_ACTIVITY:_ Could you copy every record exactly, leaving the pictures behind?

_Brief descriptive captions:_
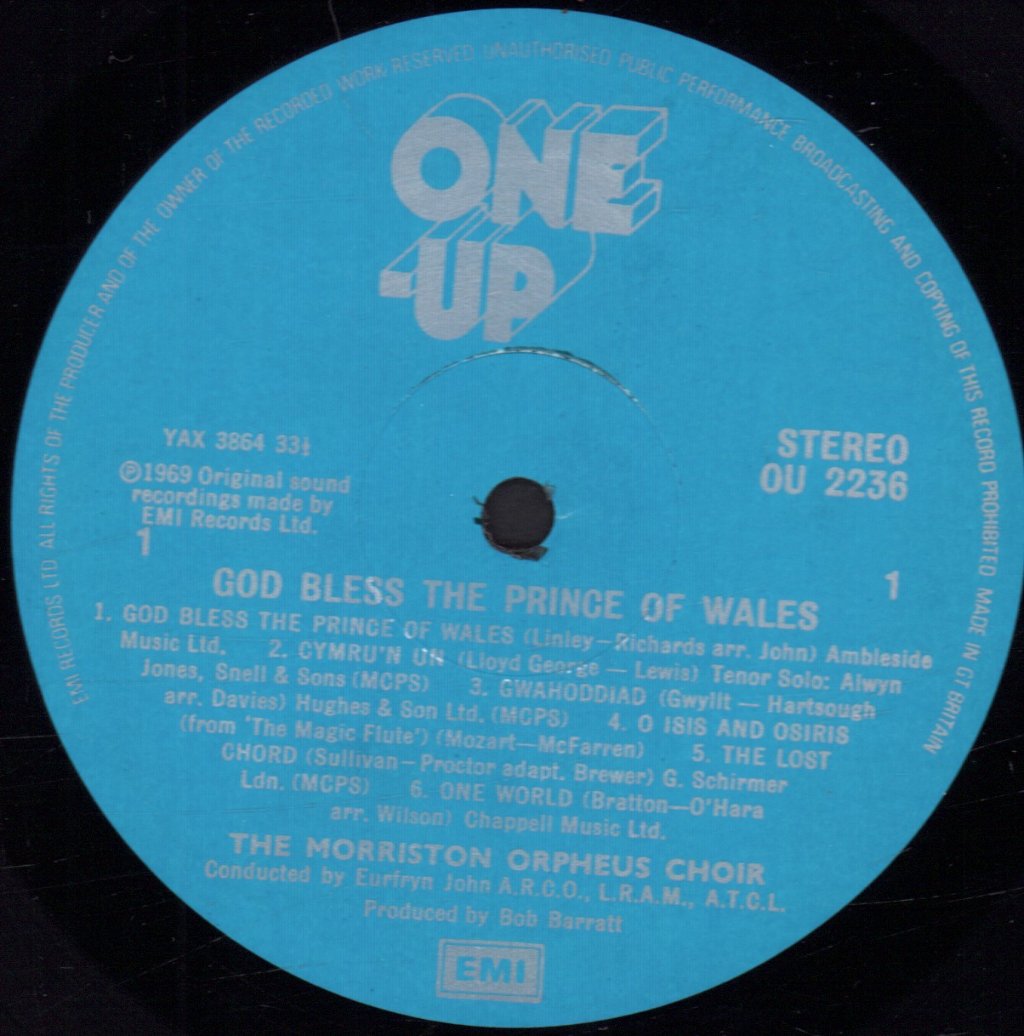 Morriston Orpheus Choir - God Bless The Prince Of Wales - Lp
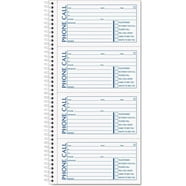 Rediform, RED50111, Incoming/Outgoing Call Register Book, 1 Each, White ...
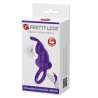 PRETTY LOVE ANILLO VIBRADOR I CONEJO PARA PENE MORADO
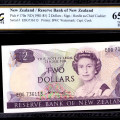 New Zealand 2 Dollars ND 1981-85 P170a PCGS65 PPQ New Zealand 2 Dollars ND 1981-85 P170a PCGS65 PPQ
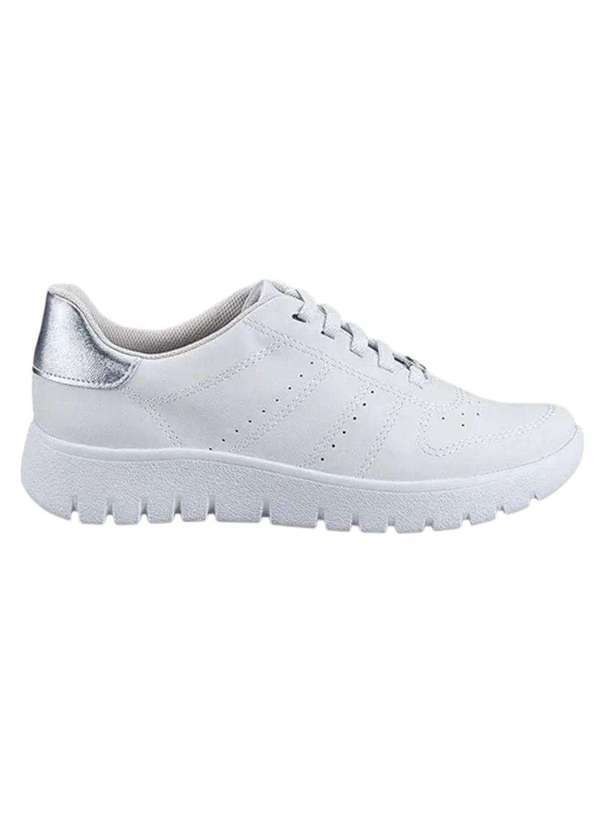 Piccadilly - Tênis Piccadilly Vicky Salto Baixo Feminino Branco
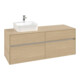 V&B Waschtischunterschrank Collaro 140x54,8x50cm, WT links, nordic oak-1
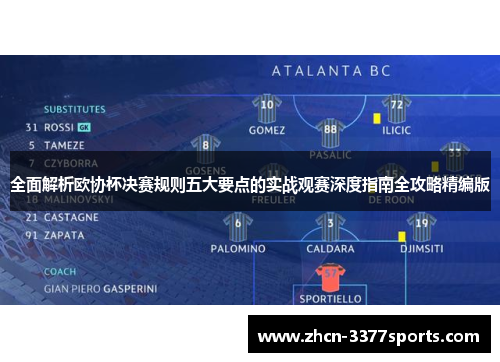 全面解析欧协杯决赛规则五大要点的实战观赛深度指南全攻略精编版
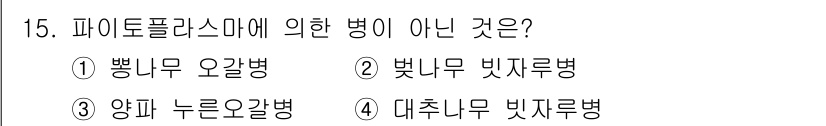 식물보호기사 2016년 15번 - 피아이토플라스마병은 주로 특정 식물에 영향을 미치며, 주로 방아잎과 같은... 에 관한 핵심 기출문제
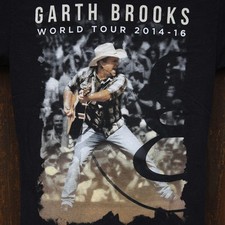 2014 2015 Garth Brooks World Tour T Shirt Size Small Country Music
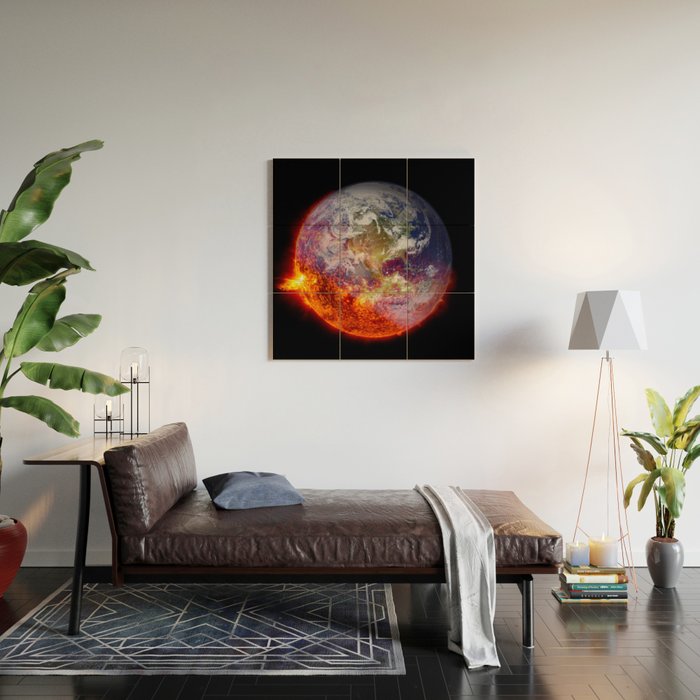 Global Warming Climate Change Wood Wall Art Gallery Image 2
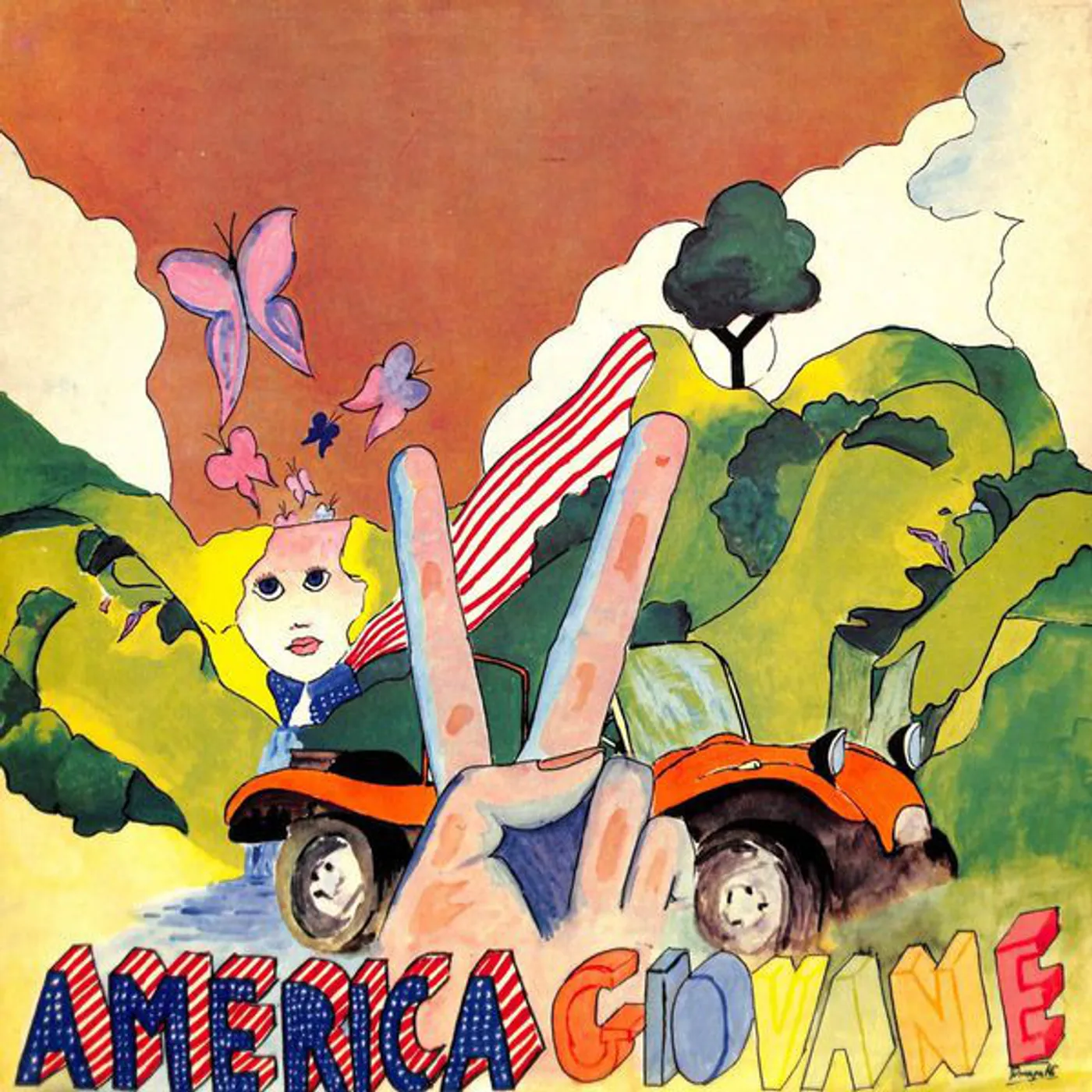 Remigio Ducros AMERICA GIOVANE / Original Soundtrack Vinyl Record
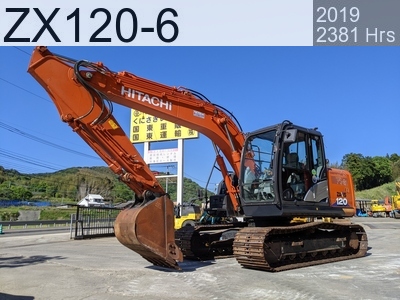 Used Construction Machine Used HITACHI Excavator 0.4-0.5m3 ZX120-6 #511266, 2019Year 2381Hours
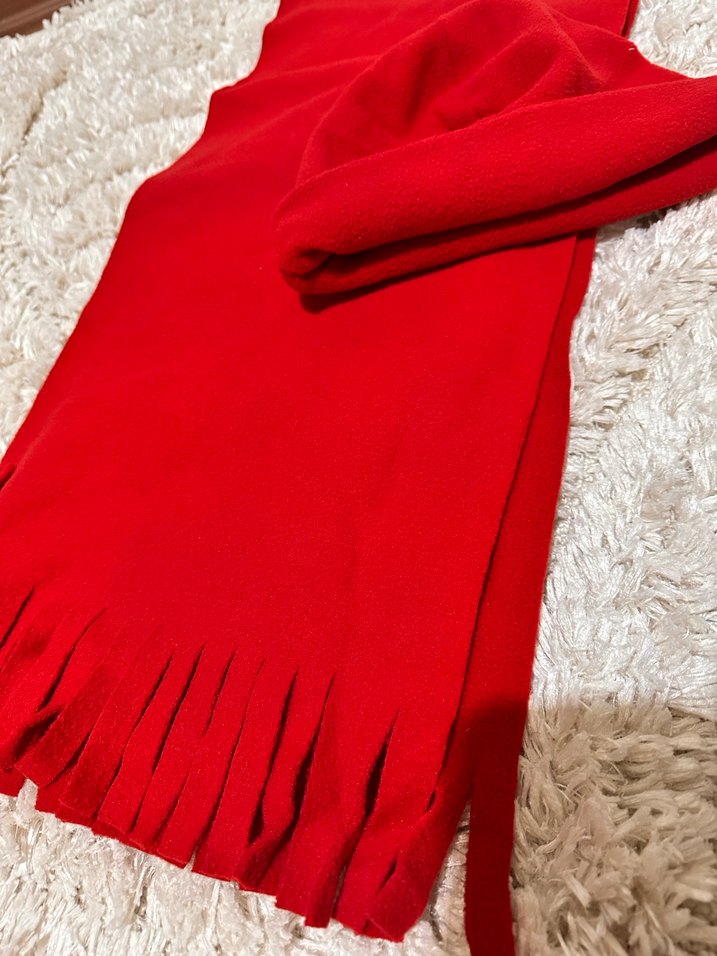 Kadın Kırmızı Sıcak Atkı - Görsel 4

_REPLY:_
 Morriston Orpheus Choir - God Bless The Prince Of Wales - Lp
 Rediform, RED50111, Incoming/Outgoing Call Register Book, 1 Each, White ...
 PRETTY LOVE ANILLO VIBRADOR I CONEJO PARA PENE MORADO
 New Zealand 2 Dollars ND 1981-85 P170a PCGS65 PPQ New Zealand 2 Dollars ND 1981-85 P170a PCGS65 PPQ
 Piccadilly - Tênis Piccadilly Vicky Salto Baixo Feminino Branco
 V&B Waschtischunterschrank Collaro 140x54,8x50cm, WT links, nordic oak-1
 全面解析欧协杯决赛规则五大要点的实战观赛深度指南全攻略精编版
 식물보호기사 2016년 15번 - 피아이토플라스마병은 주로 특정 식물에 영향을 미치며, 주로 방아잎과 같은... 에 관한 핵심 기출문제
 2014 2015 Garth Brooks World Tour T Shirt Size Small Country Music
 Global Warming Climate Change Wood Wall Art Gallery Image 2
 Remigio Ducros AMERICA GIOVANE / Original Soundtrack Vinyl Record
 Used Construction Machine Used HITACHI Excavator 0.4-0.5m3 ZX120-6 #511266, 2019Year 2381Hours
 Kadın Kırmızı Sıcak Atkı - Görsel 4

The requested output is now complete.